I met a southbound hiker yesterday morning whose name was “Five-Oh.”

“Are you a cop?” I asked immediately when he introduced himself.

He laughed and said no, then said that he’s from the 50th state. “Alaska?” I asked, but realized as it was coming off my tongue that I was groggy and not fully awake. The transition from coffee to tea in the morning isn’t always good, you see.

He quickly corrected me and said that Hawaii was the 50th state, then as if to prove that I’m not a moron I said, “Oh, that’s right. Arizona is 48, Alaska is 49, and Hawaii is 50.” I looked over to him for validation and he shrugged and told me he didn’t know about Alaska and Arizona, but that he got the trail name from “Hawaii 5-0.”

“Isn’t that a show about cops?” I asked, not letting the point die.

“Cops and Hawaii,” he said. “I think it had two meanings.”

Anyways, we sat there together for ten or fifteen minutes, looking out over the mountains that I had just climbed and that he would be climbing in the coming days. He’s a southbound hiker and this is his first trail. I couldn’t help but reflect on my early miles from the Arizona trail and what it was like to be starting out into thru hiking. I could tell from talking with him that he was starting to realize just how deep the metaphorical waters can get on a long trail. He was under 200 miles into a 2,200 mile trail. His first long hike…

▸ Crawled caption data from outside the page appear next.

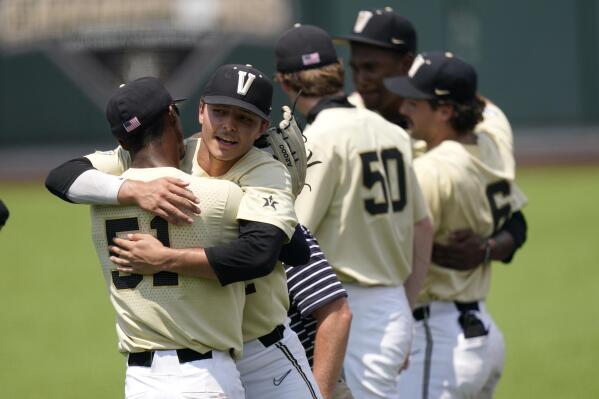 Tennessee baseball wins series against Florida heading into Vanderbilt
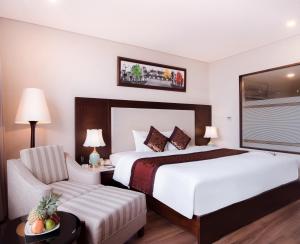 minh toan galaxy hotel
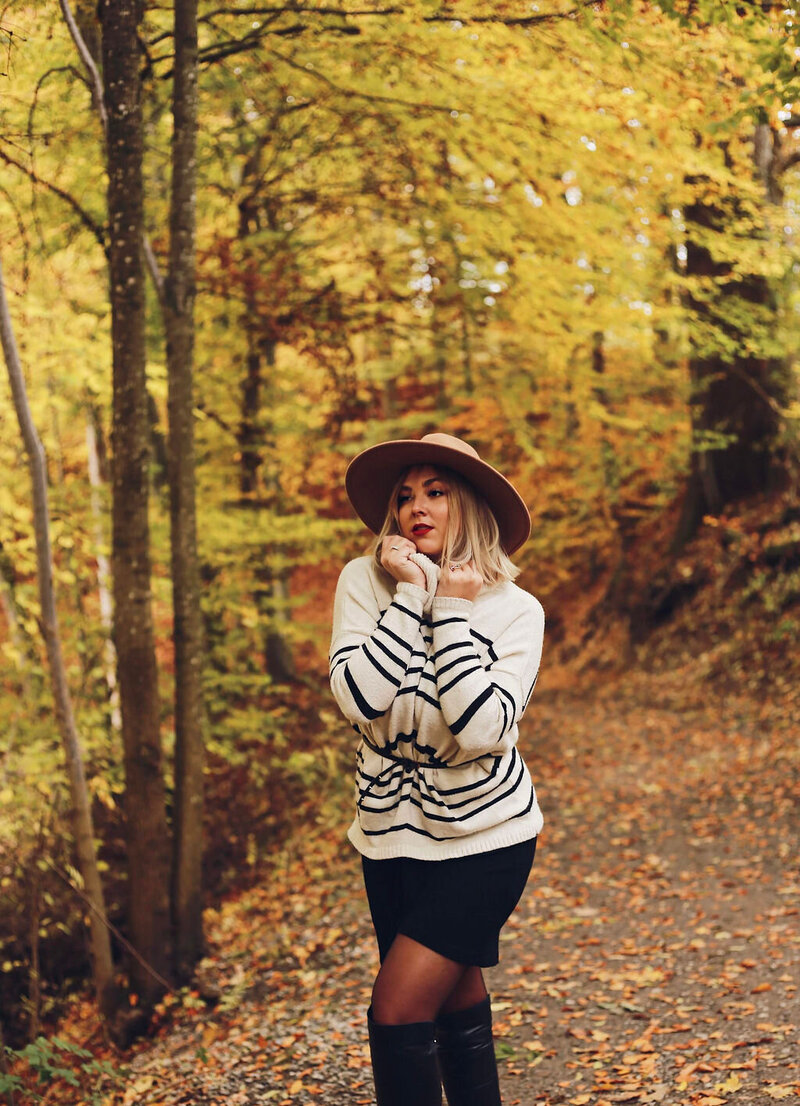 Outdoorportrait für Businessauftritt mit Naturhintergrund

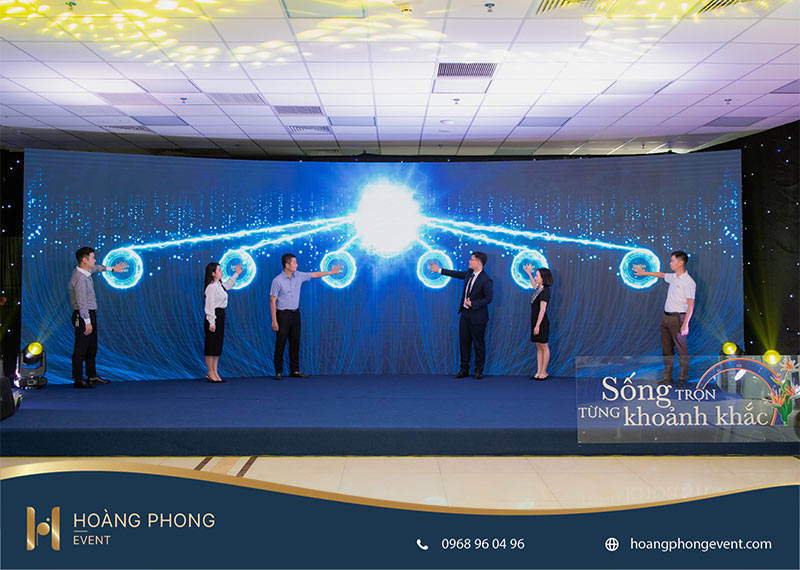 người tổ chức sự kiện đóng vai trò như thế nào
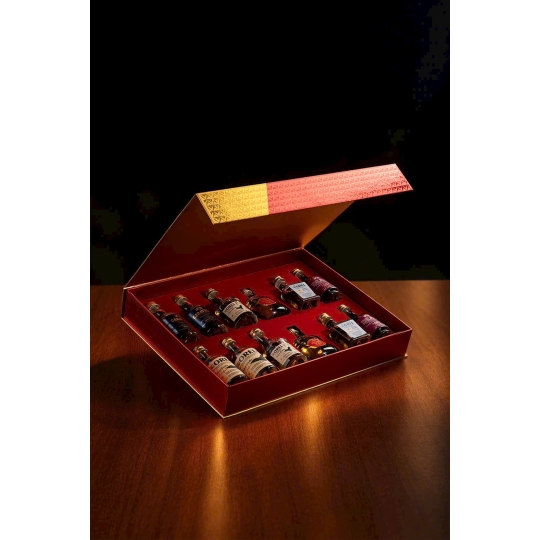 SET RƯỢU MINI 12 CHAI KÈM KỆ TAM DƯƠNG 2027 (giá đã bao Gồm VAT , khách sỉ ib )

As we talked, the conversation turned to what we’d do after the trail was done, and he said something that I hear from a lot of thru hikers, especially first timers. He said that he has the whole trail to figure that out. I laughed when I heard him say it, not only because it’s such a common answer, but because it’s something that I used to think to myself too. I wasn’t laughing at his naïveté, but about how much I have changed since I started thru hiking and how different I am from the version of myself 10 years ago who was hiking the PCT.

I pointed off and across the valley floor in front of us, all the way to the ski resort off in the distance. I told FiveOh that he’d be up there in a hundred miles or so, and I traced the ridgeline that he’d be walking with my finger, as if to highlight all the distance between here and there. “Thru hiking isn’t going to bring you to an answer to that, my friend. I used to think that it would, but I was mostly wrong. You see the resort out there?”

He followed my finger along the ridgeline and to the far off ski runs on the distant mountain.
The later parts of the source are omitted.